Exercise prompt: Reproduce nothing but the lines from the start of the material through the line that includes "SECOYA GUÍA DE", both ends included, and omit every picture.

+-------+

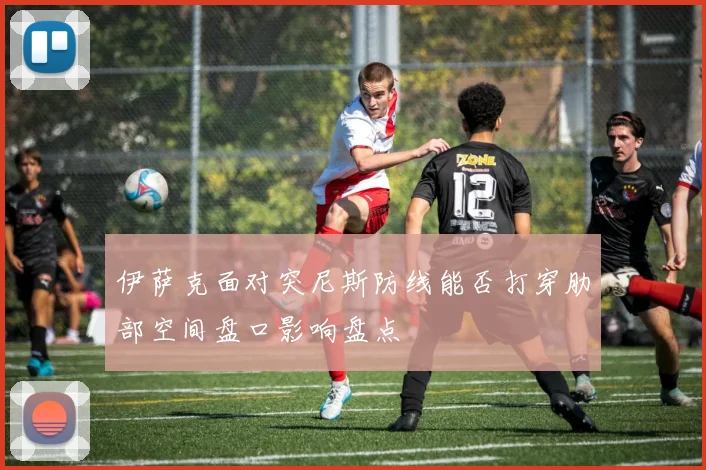 伊萨克面对突尼斯防线能否打穿肋部空间盘口影响盘点
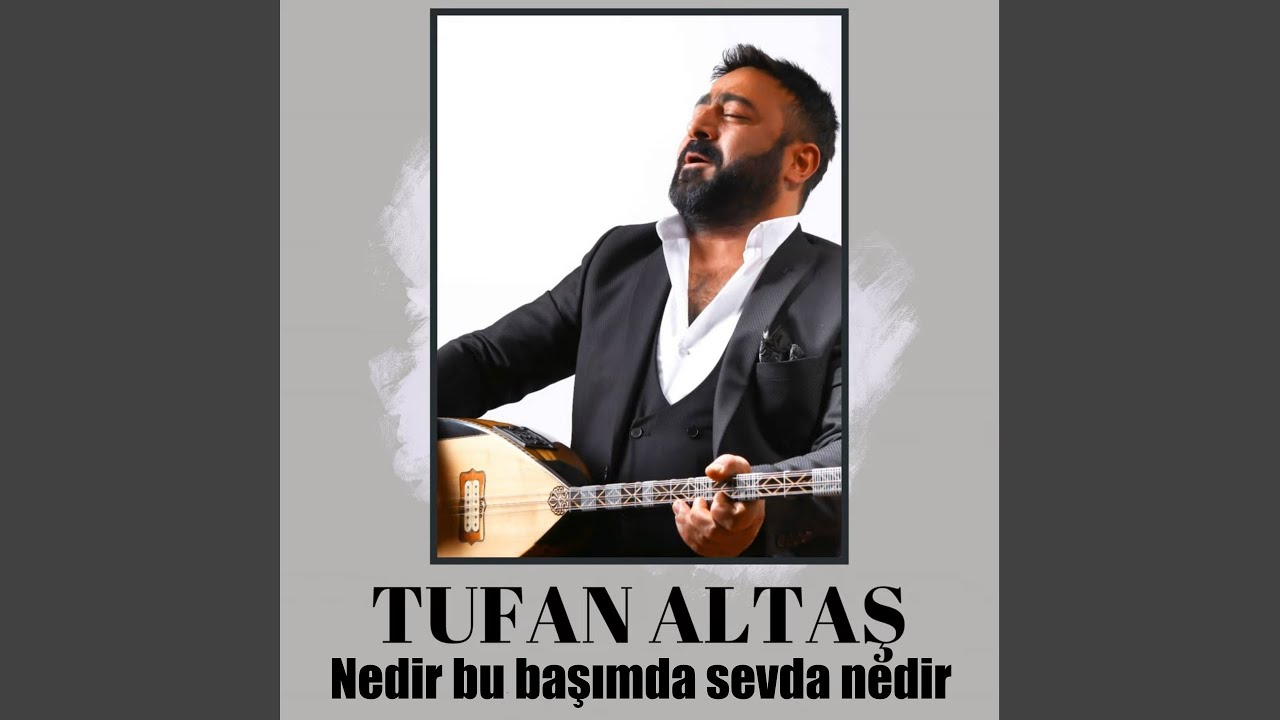 Nedir bu başımda sevda nedir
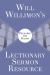 Will Willimons Lectionary Sermon Resource: Preaching the Psalms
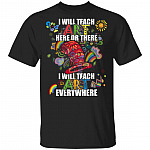 I Will Teach Art Here Or There I Will Teach Art Everywhere T-Shirt, Black, Unisex T-Shirt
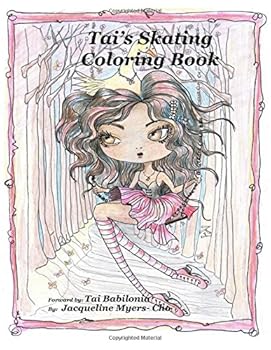Paperback Tai's Skating Coloring Book (Jacqueline's Coloring Book) Book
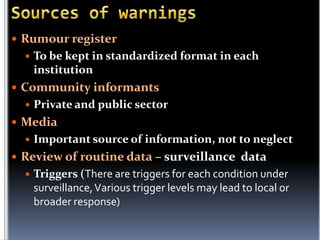  Rumour register


To be kept in standardized format in each
institution

 Community informants


Private and public sector

 Media


Important source of information, not to neglect

 Review of routine data – surveillance data


Triggers (There are triggers for each condition under
surveillance, Various trigger levels may lead to local or
broader response)

 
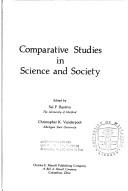 Cover of: Comparative studies in science and society.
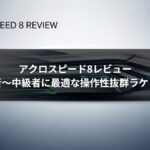 アクロスピード8レビュー｜初心者〜中級者に最適な操作性抜群ラケットとは
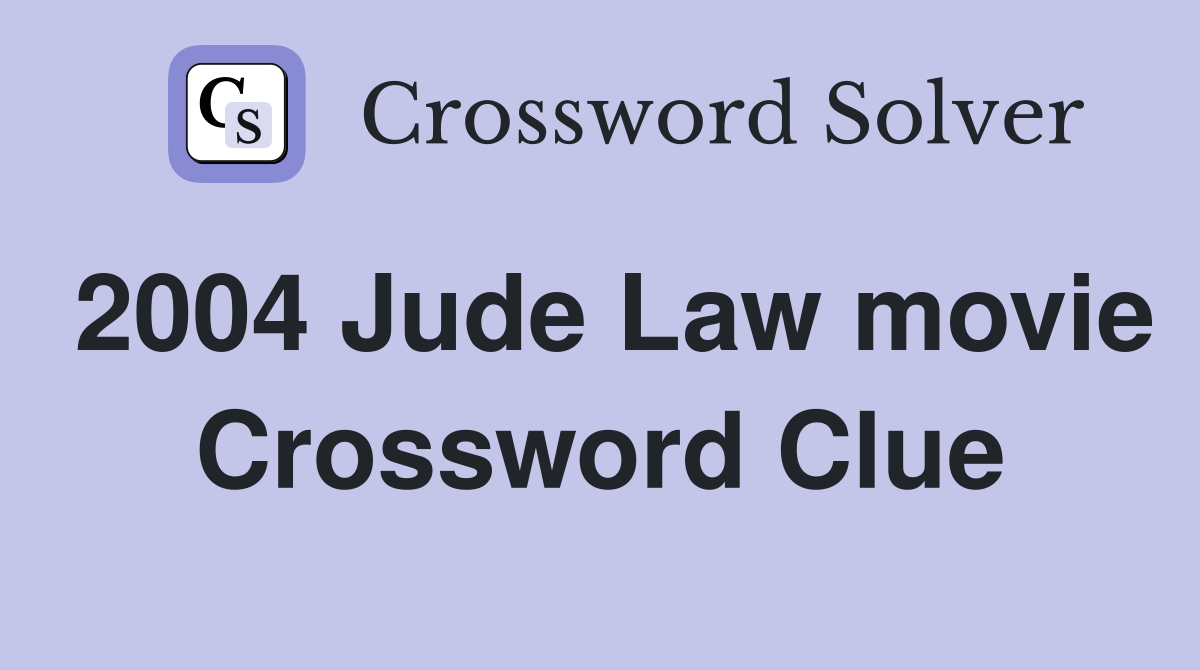 2004 Jude Law movie Crossword Clue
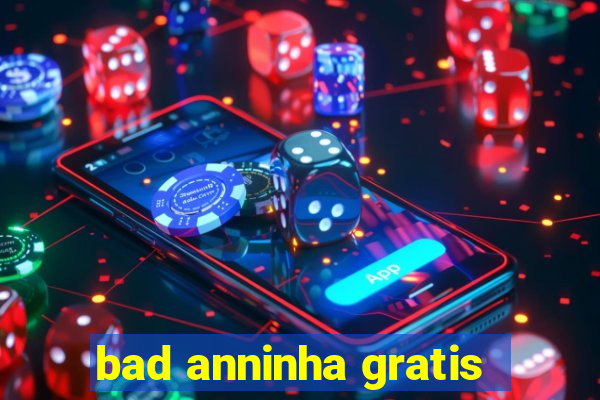 bad anninha gratis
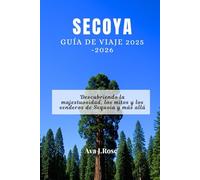 SECOYA GUÍA DE VIAJE 2025-2026: Descubriendo la majestuosidad, los mitos y los senderos de Sequoia y más allá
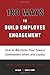 180 Ways to Build Employee Engagement: How to Maximize Your Team’s Commitment, Effort and Loyalty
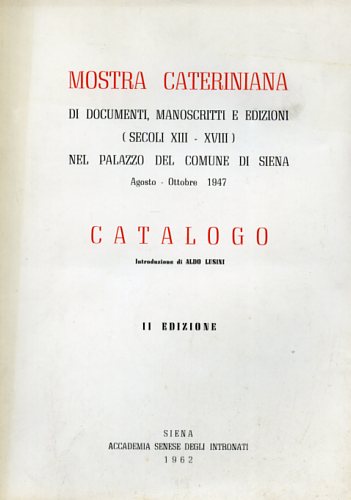 Mostra cateriniana di documenti manoscritti ed edizioni (sec.XIII-XVIII) nel Pal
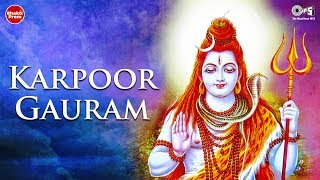 Karpoor Gauram Karunavtaram with Lyrics  कर्पूर गौरम  Shiv Mantra  Mahadev Songs  Shiv Songs [upl. by Uttica]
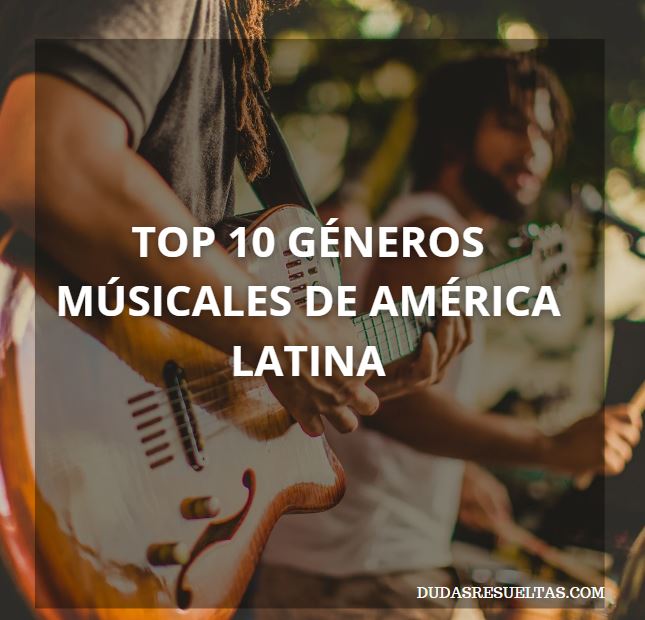 Descubre los 10 géneros musicales más populares de América Latina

+-------+

Exercise output:
 伊萨克面对突尼斯防线能否打穿肋部空间盘口影响盘点
 Nedir bu başımda sevda nedir
 Will Willimons Lectionary Sermon Resource: Preaching the Psalms
 I Will Teach Art Here Or There I Will Teach Art Everywhere T-Shirt, Black, Unisex T-Shirt
Paperback Tai's Skating Coloring Book (Jacqueline's Coloring Book) Book
  Rumour register


To be kept in standardized format in each
institution

 Community informants


Private and public sector

 Media


Important source of information, not to neglect

 Review of routine data – surveillance data


Triggers (There are triggers for each condition under
surveillance, Various trigger levels may lead to local or
broader response)

 
 Cover of: Comparative studies in science and society.
 アクロスピード8レビュー｜初心者〜中級者に最適な操作性抜群ラケットとは
 2004 Jude Law movie Crossword Clue
 bad anninha gratis
 SECOYA GUÍA DE VIAJE 2025-2026: Descubriendo la majestuosidad, los mitos y los senderos de Sequoia y más allá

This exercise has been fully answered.